2026 guidance: growth, margins, and cash flow

For 2026, Bonnell guided to consolidated organic revenue growth in the low- to mid-single-digit range. He said underlying segment growth assumptions remain consistent with prior long-term commentary: mid-single digits for consumables and infusion systems, and flat to slightly down for Vital Care.

On phasing, management said consolidated quarterly growth should be higher in the back half of 2026 due to the infusion systems implementation schedule. Bonnell also said consumables typically see a sequential step down from Q4 to Q1 and that the late-December flu demand in 2025 would not change that expectation.

On profitability, Bonnell projected full-year adjusted gross margin of around 41%, with improvement through the year and an exit rate above the annual average. He said the outlook reflects synergy capture, partially offset by manufacturing inflation and the strengthening Mexican peso, and assumes tariff expense of approximately 2% of revenue based on current rates and exemptions.

Operating expenses are expected to total about 25% of revenue (approximately 21% SG&A and 4% R&D). Bonnell guided to net interest expense of about $70 million and an adjusted tax rate around 25%, with average diluted shares of 25.3 million. The company’s 2026 outlook includes adjusted EBITDA of $400 million to $430 million and adjusted EPS of $7.75 to $8.45.

Balance sheet priorities and longer-term targets

In Q4, Bonnell said free cash flow was $44 million. He cited $17 million of quality and product-related remediation spending, $20 million on restructuring and integration, and $25 million of capital expenditures that included revenue-generating pump placements with customers outside the U.S.

The company ended the quarter with $1.3 billion of debt and $308 million of cash. Bonnell said ICU Medical paid down $30 million of Term Loan B principal in Q4, bringing total 2025 debt principal payments to $303 million. Net debt was described as around $1 billion, with a net leverage ratio just under 2.5x.

Management said free cash flow in 2026 is expected to improve versus 2025 (when free cash flow totaled $100 million), driven by higher earnings and reduced integration and remediation spending, with cash generation weighted to the back half.
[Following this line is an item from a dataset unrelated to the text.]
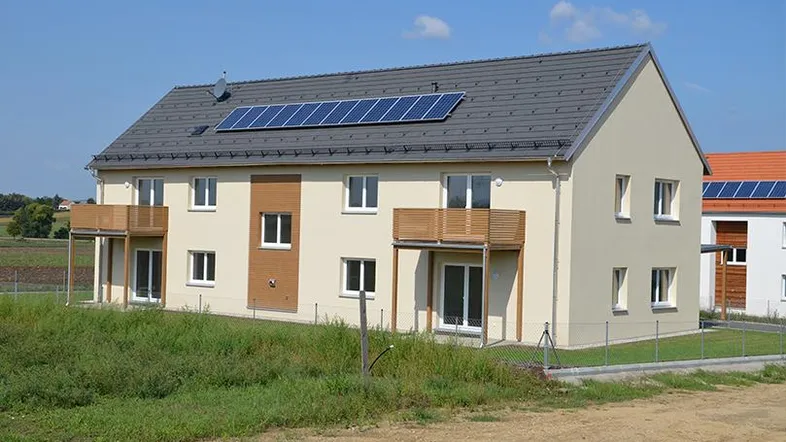 Modernes Reihenhaus mit beiger Fassade, Solarpaneelen auf dem Dach und Holzbalkonen.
Bonnell said free cash flow in 2026 will continue to be prioritized toward debt paydown, reiterating a long-term leverage target of 2x. Once that target is reached, he said free cash flow would be available for share repurchases, with an expectation of reaching targeted leverage by the beginning of 2027 based on organic cash flows, potentially sooner if the company completes transactions.

Jain also discussed portfolio considerations, stating that Critical Care is “less synergistic” and dilutive to growth, while cautioning that any strategic moves would need to avoid value destruction. In the Q&A, he added that Vital Care is likely below the corporate gross margin and said the company would aim, directionally, to pursue outcomes that do not significantly damage earnings power, while acknowledging that precision is difficult due to commingled infrastructure.

About ICU Medical NASDAQ: ICUI

ICU Medical, Inc, together with its subsidiaries, develops, manufactures, and sells medical devices used in infusion therapy, vascular access, and vital care applications worldwide. Its infusion therapy products include needlefree products under the MicroClave, MicroClave Clear, and NanoClave brands; Neutron catheter patency devices; ChemoClave and ChemoLock closed system transfer devices, which are used to limit the escape of hazardous drugs or vapor concentrations, block the transfer of environmental contaminants into the system, and eliminates the risk of needlestick injury; Tego needle free connectors; Deltec GRIPPER non-coring needles for portal access; and ClearGuard, SwabCap, and SwabTip disinfection caps.